**WHAT IS EXPECTED:**
From the line that contains "Hi everyone, this" through the last line of the data, copy everything exactly and nothing else, omitting the pictures.
#### SUPPLIED DATA
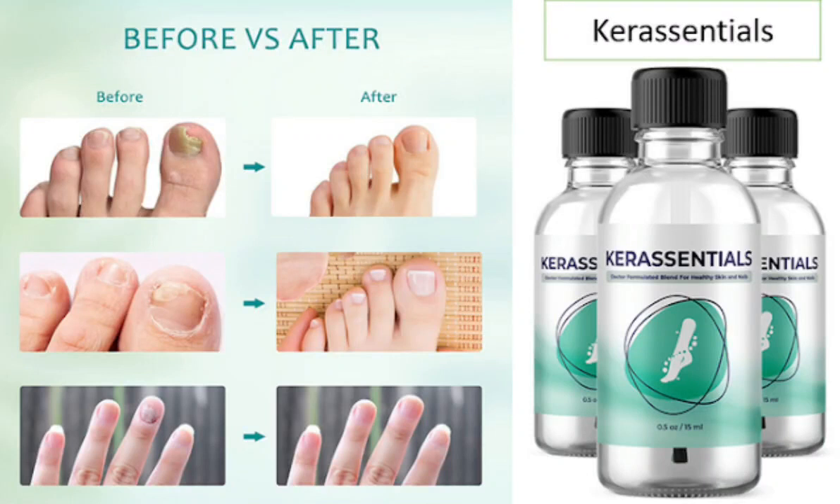Hi guys, my name is Jessica and today I'll tell you everything you need to know about Care Essentials before actually buying the product. I also have two really important alerts so pay close attention to what I have to tell you.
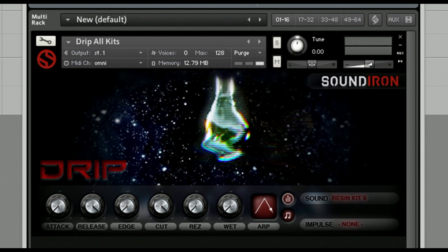Hi everyone, this is Drip, a carefully designed collection of glitch percussion sounds weighing in at just over 600 individual samples.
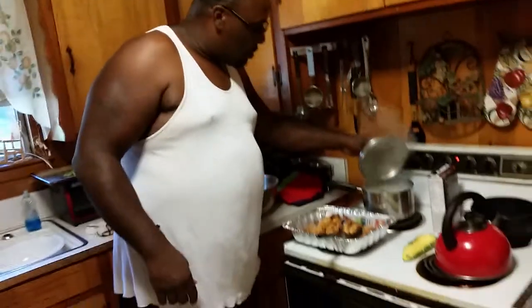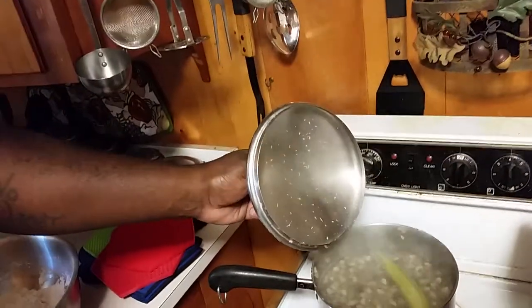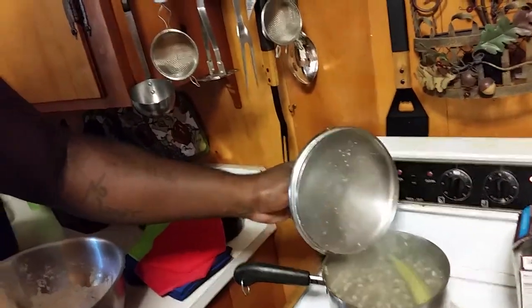Turn it over this way, look right here. Got them field peas — the field peas that's grown in a field from down south, baby. That's what I'm talking about. With that piece of okra on top.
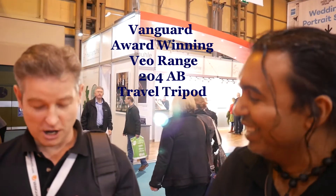Right, I'm at the Vanguard stand now. Everyone knows, if you've watched my channel, that I'm a Vanguard fan — all my bags and my tripod are Vanguard. So I'm going to talk to Ian, a manager for Vanguard, and he's going to talk about one of their products.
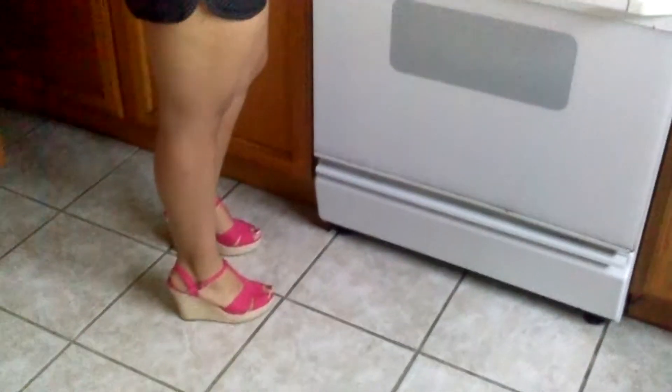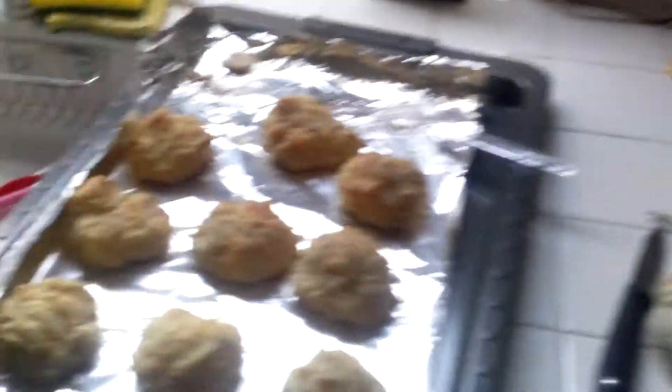There you go. She has her little plate with her little knife. Say hi, Edie. Hello! She's a little dressed up. So you got the biscuits. Got my plate.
########
**WORKED SOLUTION:**
Hi everyone, this is Drip, a carefully designed collection of glitch percussion sounds weighing in at just over 600 individual samples.
Turn it over this way, look right here. Got them field peas — the field peas that's grown in a field from down south, baby. That's what I'm talking about. With that piece of okra on top.
Right, I'm at the Vanguard stand now. Everyone knows, if you've watched my channel, that I'm a Vanguard fan — all my bags and my tripod are Vanguard. So I'm going to talk to Ian, a manager for Vanguard, and he's going to talk about one of their products.
There you go. She has her little plate with her little knife. Say hi, Edie. Hello! She's a little dressed up. So you got the biscuits. Got my plate.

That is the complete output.